***** Extracted data
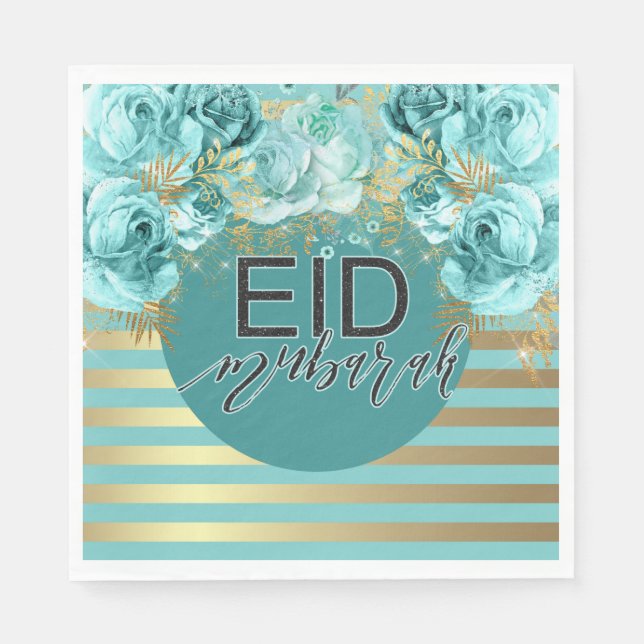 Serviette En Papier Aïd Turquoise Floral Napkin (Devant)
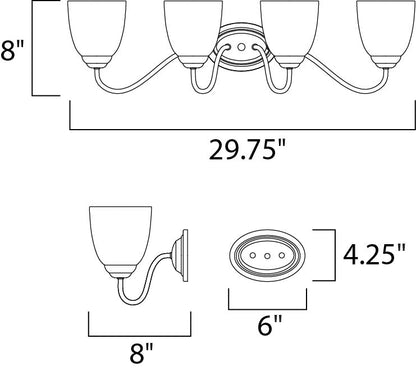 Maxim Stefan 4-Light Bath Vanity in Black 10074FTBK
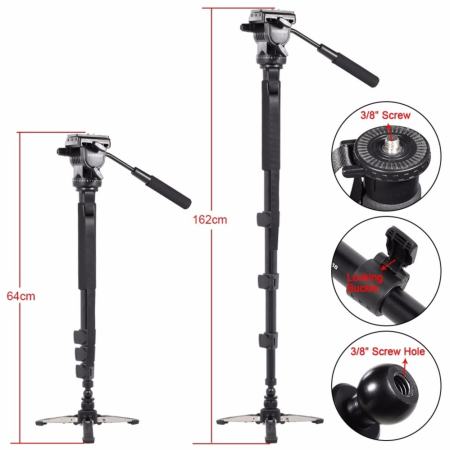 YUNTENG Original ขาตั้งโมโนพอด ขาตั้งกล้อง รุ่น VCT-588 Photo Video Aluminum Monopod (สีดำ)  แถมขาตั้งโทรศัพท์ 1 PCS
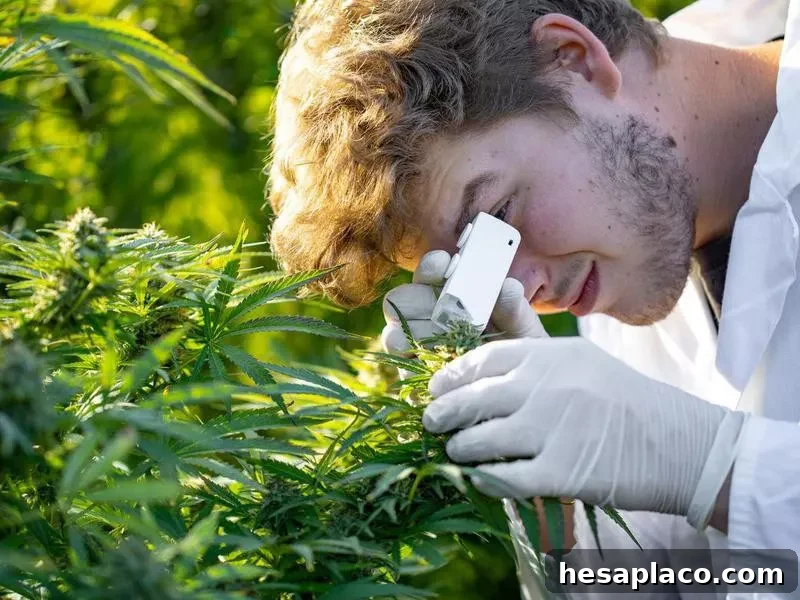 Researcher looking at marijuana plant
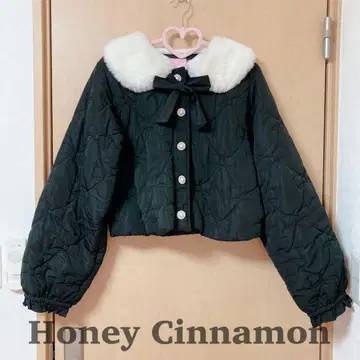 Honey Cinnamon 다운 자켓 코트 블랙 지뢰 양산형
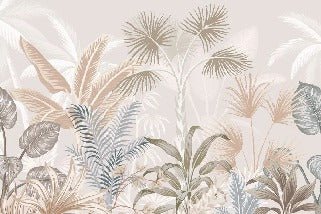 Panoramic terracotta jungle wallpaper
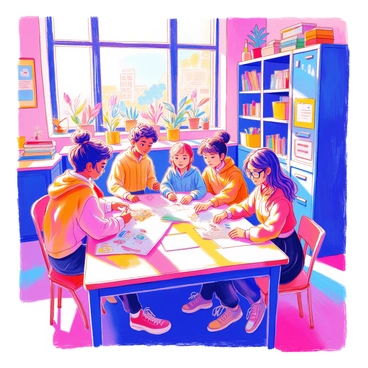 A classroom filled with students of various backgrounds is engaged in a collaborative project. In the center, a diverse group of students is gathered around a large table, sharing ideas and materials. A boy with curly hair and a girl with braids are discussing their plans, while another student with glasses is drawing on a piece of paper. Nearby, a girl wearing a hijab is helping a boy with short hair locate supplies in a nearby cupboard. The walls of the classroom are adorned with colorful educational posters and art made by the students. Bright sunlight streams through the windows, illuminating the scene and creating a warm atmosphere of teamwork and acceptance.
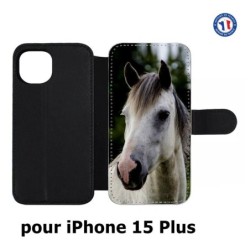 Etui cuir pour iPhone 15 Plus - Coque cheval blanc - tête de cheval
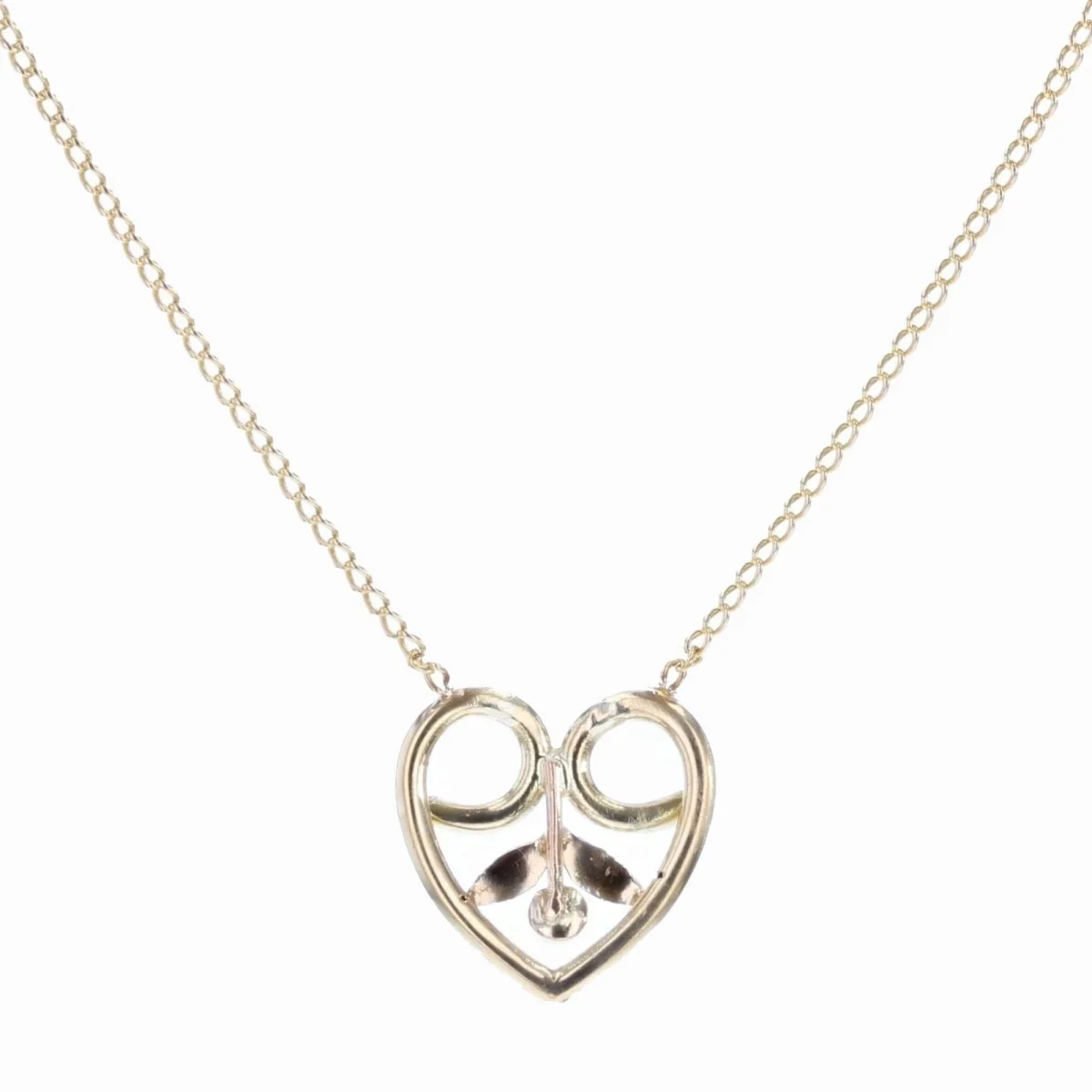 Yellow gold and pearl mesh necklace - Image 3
**********
***** Extracted data
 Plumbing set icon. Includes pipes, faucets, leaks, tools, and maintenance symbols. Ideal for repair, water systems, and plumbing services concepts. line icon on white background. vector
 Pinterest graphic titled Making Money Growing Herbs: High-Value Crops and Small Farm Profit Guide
**********
Your task is to copy only the lines above starting at the one containing "Serviette En Papier" and ending at the one containing "Panoramic terracotta jungle wallpaper". Copy them exactly, both ends included, and omit the pictures.

**Solution to the exercise:**
 Serviette En Papier Aïd Turquoise Floral Napkin (Devant)
 Maxim Stefan 4-Light Bath Vanity in Black 10074FTBK
 YUNTENG Original ขาตั้งโมโนพอด ขาตั้งกล้อง รุ่น VCT-588 Photo Video Aluminum Monopod (สีดำ)  แถมขาตั้งโทรศัพท์ 1 PCS
 Researcher looking at marijuana plant
 Honey Cinnamon 다운 자켓 코트 블랙 지뢰 양산형
 Panoramic terracotta jungle wallpaper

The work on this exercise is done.